> **Collected material**:
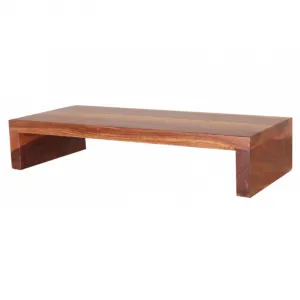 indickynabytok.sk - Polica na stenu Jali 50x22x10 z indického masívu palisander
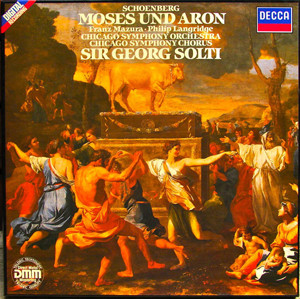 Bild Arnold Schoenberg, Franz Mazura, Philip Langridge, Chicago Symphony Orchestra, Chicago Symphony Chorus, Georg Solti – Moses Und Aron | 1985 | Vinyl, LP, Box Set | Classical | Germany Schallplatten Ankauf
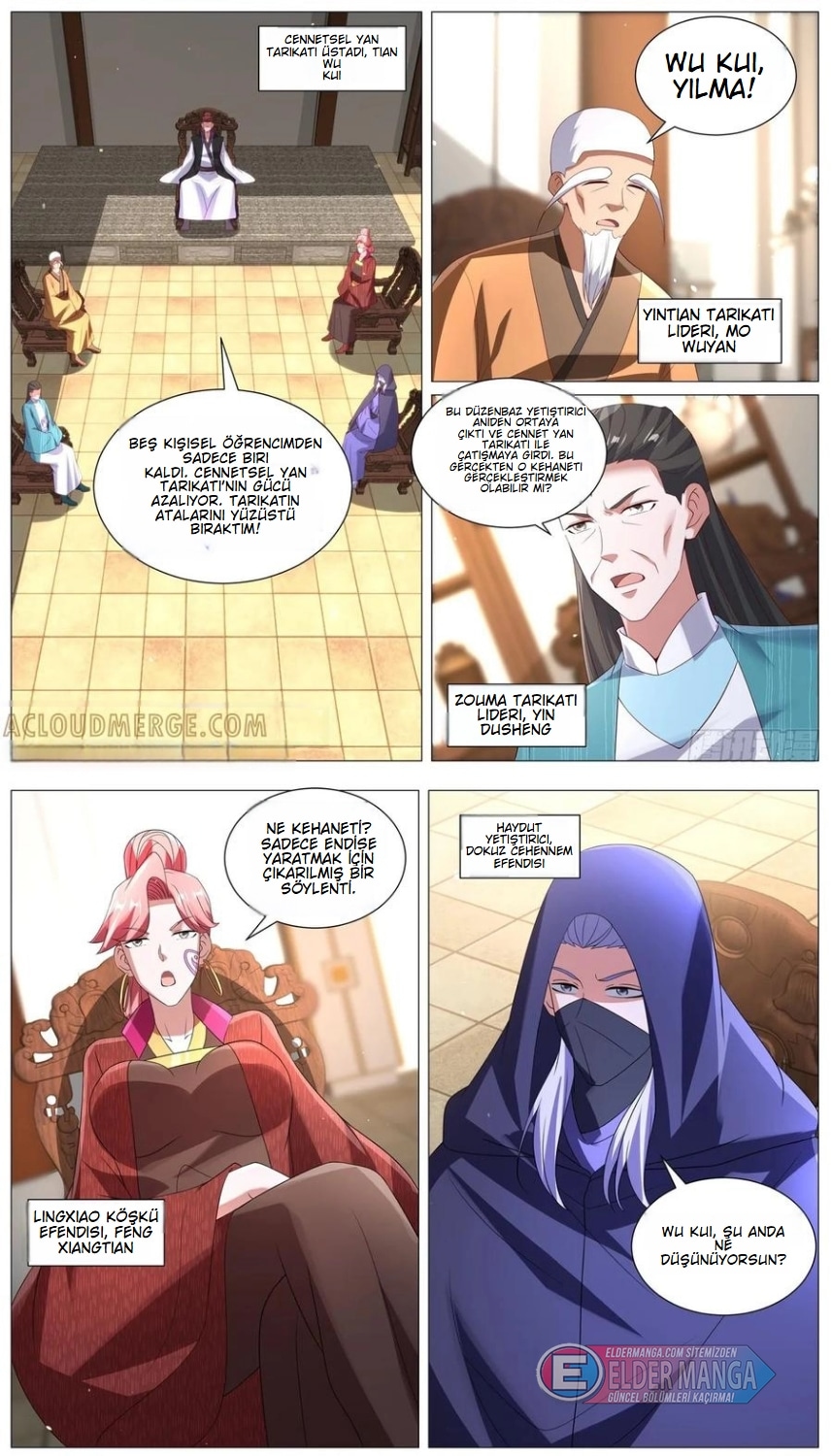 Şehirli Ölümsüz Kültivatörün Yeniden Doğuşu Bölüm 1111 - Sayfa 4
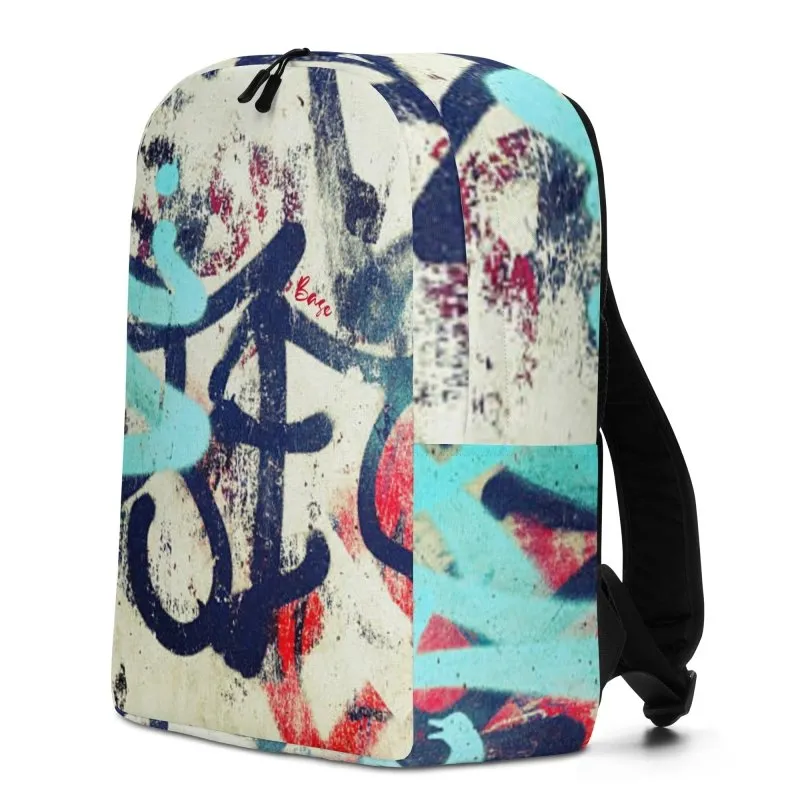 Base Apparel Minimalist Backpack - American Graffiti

> **About this task**: Please keep every line of the data the same when you reproduce it, and keep every picture out.

> **Reply**:
 indickynabytok.sk - Polica na stenu Jali 50x22x10 z indického masívu palisander
 Bild Arnold Schoenberg, Franz Mazura, Philip Langridge, Chicago Symphony Orchestra, Chicago Symphony Chorus, Georg Solti – Moses Und Aron | 1985 | Vinyl, LP, Box Set | Classical | Germany Schallplatten Ankauf
 Şehirli Ölümsüz Kültivatörün Yeniden Doğuşu Bölüm 1111 - Sayfa 4
 Base Apparel Minimalist Backpack - American Graffiti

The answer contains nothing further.